Дмитрий, махнув рукой, вынул из кармана брюк серебряные часы без цепочки и, глядя на циферблат, сказал медленно и скучно:
– Романовых – много, всех истребить не успеют, который-нибудь испугается и предложит Гучковым – Милюковым: сажайте меня на престол, я буду слушаться ваших указаний.
– Конечно, событие незаурядное, – примирительно заметил Клим, Дронов возбужденно потирал руки, подпрыгивал, играл глазами, как бы стараясь спрятать их, Самгин наблюдал за ним, не понимая; чем испуган или доволен Иван?
Дмитрий, протянув руку брату, сказал:
– Мне – пора.
Дронов пошел вслед за ним и дал Климу Самгину время подумать:
«Мне следовало сказать ему: заходи или что-нибудь в этом роде. Но – нелепо разрешать брату посещать брата. Мы не ссорились», – успокоил он себя, прислушиваясь к разговору в прихожей.

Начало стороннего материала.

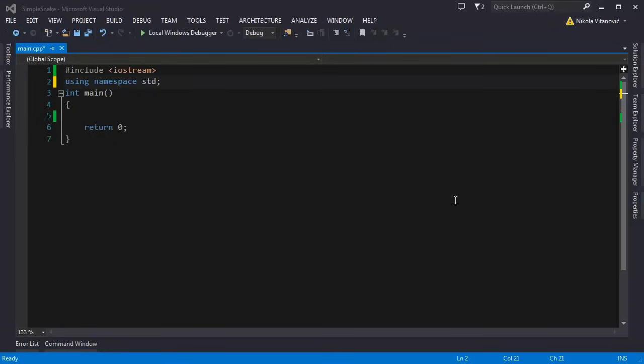Hello and welcome to my 18th tutorial. In this tutorial we will do a fun project and create a simple snake game in C++. This game will not involve classes so it will not be object oriented. It's just a simple snake game just to have fun.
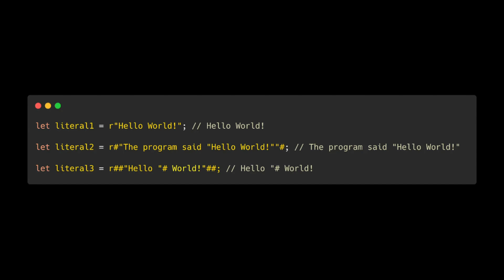And if the string contains a double quote followed by n number of hashes, then you need to add n plus one hashes. In this example, literal 3 contains a double quote followed by one hash, so we need to add two hashes to our raw string literal.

– Как же я найду ее? – спрашивал Дронов.
Дмитрий неохотно ответил:
– Я же говорю вам: укажет доктор Изаксон.
– Ага…
Возвратясь, Дронов быстро спросил:
– Как ты его находишь, а?
И раньше, чем Самгин нашел, как следует ответить, Дронов, бегая от стены к стене, точно мышь в мышеловке, забормотал, потирая руки:
– Я его помню таким… скромным. Трещит все, ломается. Революция лезет изо всех щелей. Революция… мобилизует. Правые – левеют, замечаешь, как влиятелен становится прогрессивный блок?
Слепо наткнулся на кресло, сел и, хлопая ладонями по коленям своим, вопросительно и неприятно остановил глаза на лице Самгина, – этим он заставил Клима Ивановича напомнить ему:
– Городской и земский съезды разогнаны.
– А – обыватели? Рабочие?
– Обыватели революции не делают. Рабочие – на фронтах.
Дронов, тяжело вздохнув, чмокнул губами.
– На фронтах тоже неладно. Дмитрий Иванов почти всю ночь рассказывал мне. Признаки – грозные. И убийство Распутина – не шуточка! Нет…
– Чего ты боишься? – спросил Самгин, усмехаясь.
– А я – не знаю, – сказал Дронов. – Я, может быть, и не боюсь.
Он встал, оглянулся, взял с дивана шапку и, глядя внутрь ее, сообщил, приподняв плечи:
– Завтра поеду в Ярославль. Поглядеть на Тосю. Смешно?
– Не очень.
– Да. Первая и единственная. Жил я с ней… замечательно хорошо. Почти три года, а мне скоро пятьдесят. И лет сорок прожил я… унизительно.